## ASSIGNMENT
Output the material exactly, keeping every line intact.

## SUPPLIED DATA
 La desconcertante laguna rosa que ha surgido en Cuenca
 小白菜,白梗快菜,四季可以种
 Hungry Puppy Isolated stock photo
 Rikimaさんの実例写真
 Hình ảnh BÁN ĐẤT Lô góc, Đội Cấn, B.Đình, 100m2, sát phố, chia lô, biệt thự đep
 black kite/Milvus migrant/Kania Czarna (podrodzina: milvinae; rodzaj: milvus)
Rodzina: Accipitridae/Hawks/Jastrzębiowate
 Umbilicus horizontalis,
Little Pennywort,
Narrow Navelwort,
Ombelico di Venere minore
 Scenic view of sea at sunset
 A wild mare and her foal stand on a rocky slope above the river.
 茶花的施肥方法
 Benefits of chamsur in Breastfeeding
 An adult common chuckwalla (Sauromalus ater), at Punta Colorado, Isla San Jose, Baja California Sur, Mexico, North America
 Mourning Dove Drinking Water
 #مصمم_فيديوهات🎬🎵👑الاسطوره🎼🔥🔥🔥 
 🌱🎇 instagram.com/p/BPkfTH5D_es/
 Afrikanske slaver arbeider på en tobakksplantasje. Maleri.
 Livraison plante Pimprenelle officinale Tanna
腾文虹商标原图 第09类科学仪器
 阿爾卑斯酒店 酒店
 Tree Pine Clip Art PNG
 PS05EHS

## THE ANSWER
 La desconcertante laguna rosa que ha surgido en Cuenca
 小白菜,白梗快菜,四季可以种
 Hungry Puppy Isolated stock photo
 Rikimaさんの実例写真
 Hình ảnh BÁN ĐẤT Lô góc, Đội Cấn, B.Đình, 100m2, sát phố, chia lô, biệt thự đep
 black kite/Milvus migrant/Kania Czarna (podrodzina: milvinae; rodzaj: milvus)
Rodzina: Accipitridae/Hawks/Jastrzębiowate
 Umbilicus horizontalis,
Little Pennywort,
Narrow Navelwort,
Ombelico di Venere minore
 Scenic view of sea at sunset
 A wild mare and her foal stand on a rocky slope above the river.
 茶花的施肥方法
 Benefits of chamsur in Breastfeeding
 An adult common chuckwalla (Sauromalus ater), at Punta Colorado, Isla San Jose, Baja California Sur, Mexico, North America
 Mourning Dove Drinking Water
 #مصمم_فيديوهات🎬🎵👑الاسطوره🎼🔥🔥🔥 
 🌱🎇 instagram.com/p/BPkfTH5D_es/
 Afrikanske slaver arbeider på en tobakksplantasje. Maleri.
 Livraison plante Pimprenelle officinale Tanna
腾文虹商标原图 第09类科学仪器
 阿爾卑斯酒店 酒店
 Tree Pine Clip Art PNG
 PS05EHS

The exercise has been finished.